Old thread, but posting to help lurkers that may be interested.
When doing brakes, I would get a new brake hardware kit and maybe look up proper installation in the Bentley manual. I would guess something is not installed right and a spring is either busted or missing. Also check your parking brake mechanism. It could get stuck and keep your parking brake engaged.
As to bearings- They are easy to do. When removing the drum, the outer bearing is loose and just falls out. The rear is just held in by the axle seal. Thread the axle nut back on , then set the inner bearing over it and yank the drum towards you. That should pull the seal off and bearing out in one go. Or just use a putty knife to pry the seal off the drum and viola. I would recommend a bearing packer to grease the new bearings. It can be done by hand, but it is time consuming, painful and does not ensure a complete packing.
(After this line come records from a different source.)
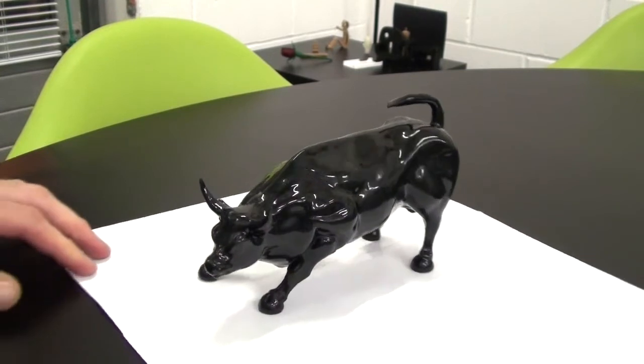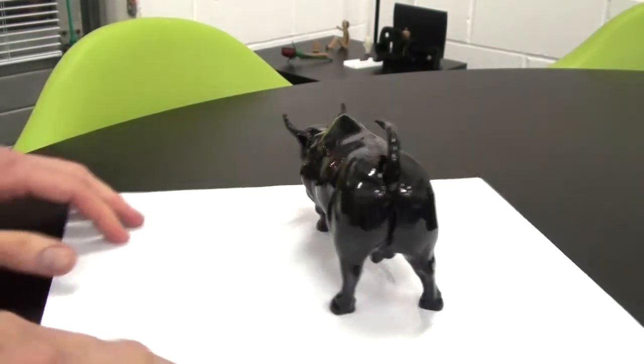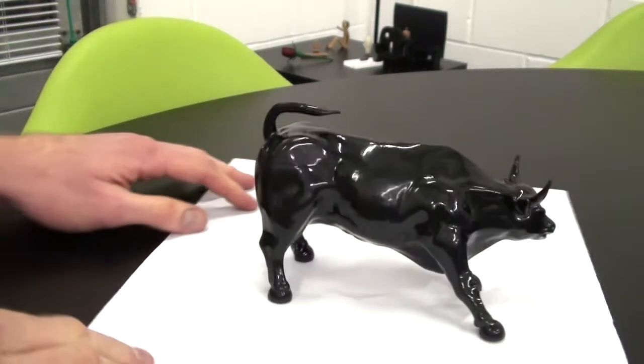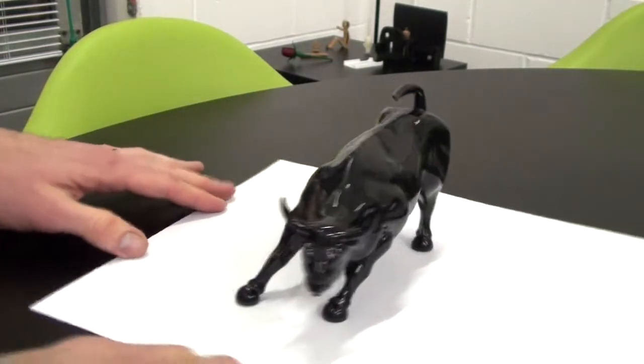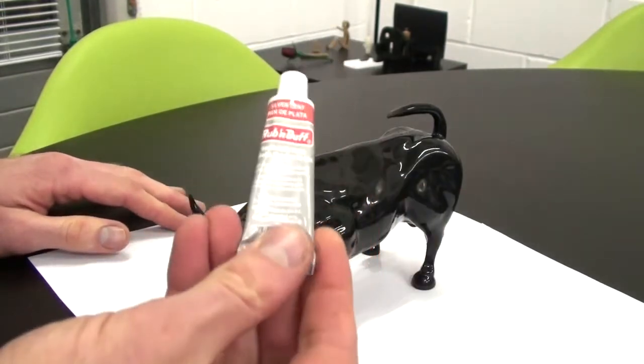Here's our charging ball print which was printed on the Zortrax M200 in black Z-ABS. It's been treated with acetone vapors to produce the nice gloss finish you can see. The next thing we'll do is add the silverleaf rub and buff.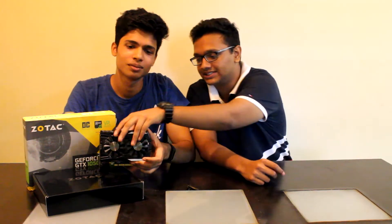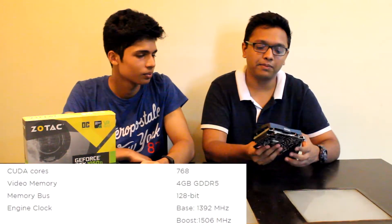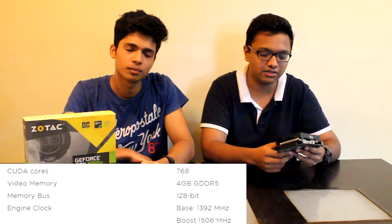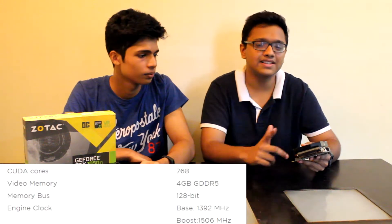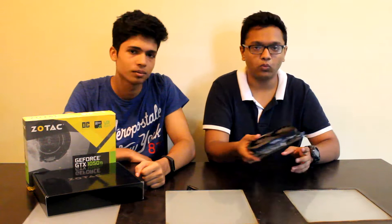Let's talk numbers. This is a 4GB DDR5 VRAM card clocked at a base frequency of 1392 MHz and boosting up to 1506 MHz, and it has 768 CUDA cores in it. We have 3 IO ports: one HDMI 2.0, one DisplayPort 1.4, and one DVI port.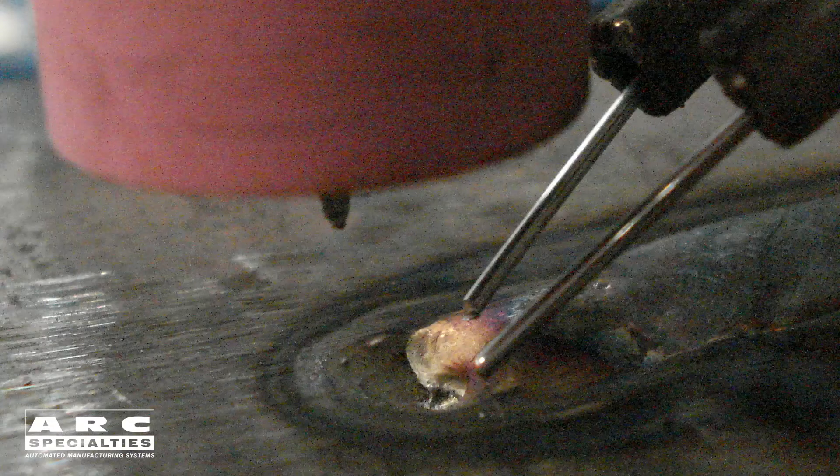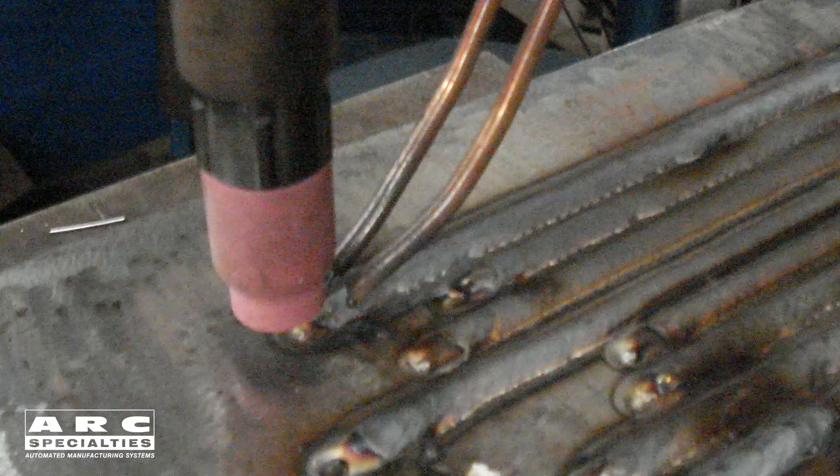The challenge with narrow groove butt welding is sidewall fusion, and by oscillating the arc we wash the arc up into the sidewalls and ensure good fusion in solid welds. Our friend Bob Roark coined the term Tango TIG for our invention, and I kind of like that.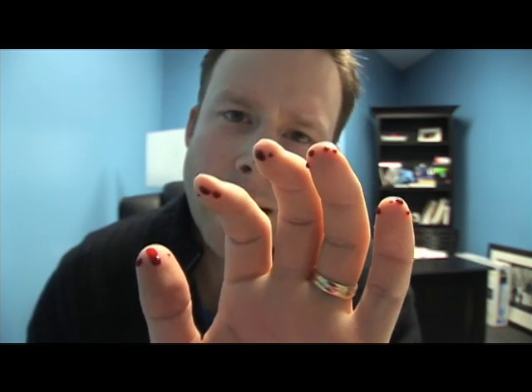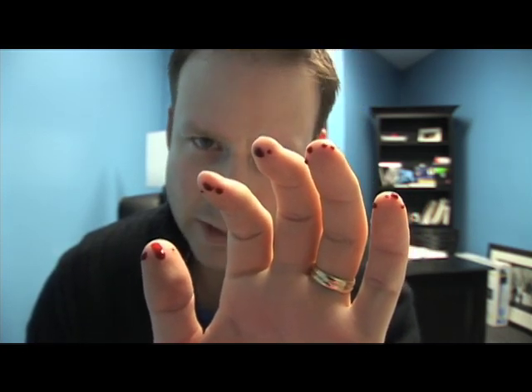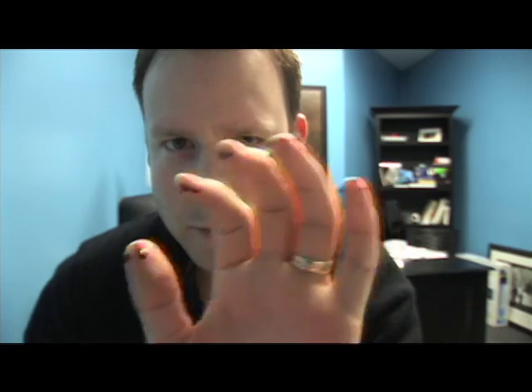Just for the heck of it today I figured I would show you what 16 different finger pricks looks like on one hand. This is basically what happens to me every single day — 16 times a day, 16 finger pricks. But remember, today is middle finger day.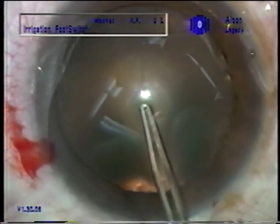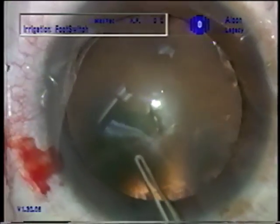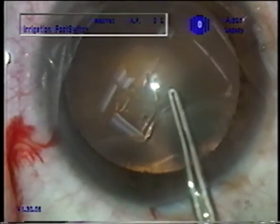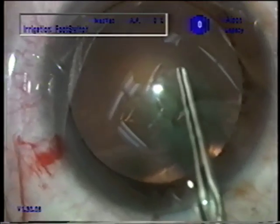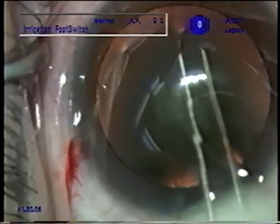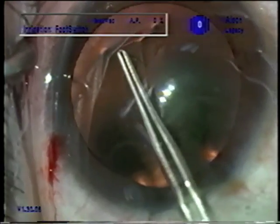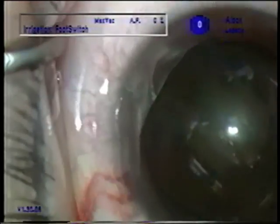I find that if the patient can look just to the side of the light and get the reflex of the optic nerve for a brighter red reflex, they're not having all the light exposure to the macula. Try to look at the light, please, or just a wee bit to the left of it.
I live off a dirt road and have to repack the bearings about every 4-6mos.
Always replace the cotter pin. Make sure the inner bearing race is seated all the way. One way to ensure proper seating is to tighten the bearing down hard with the axle nut, loosed to where you can turn the drum, turn and redo that a few times.
there is no Ft/lb spec for the wheel bearings. The manual just says to tighten until you can barely move the washer under the nut by prying with a screw driver. My measurement of the net result of that is about 30 ft/lbs which is a bit tight in my eyes.
« Last Edit: September 27, 2016, 12:35:16 pm by Rattlebox »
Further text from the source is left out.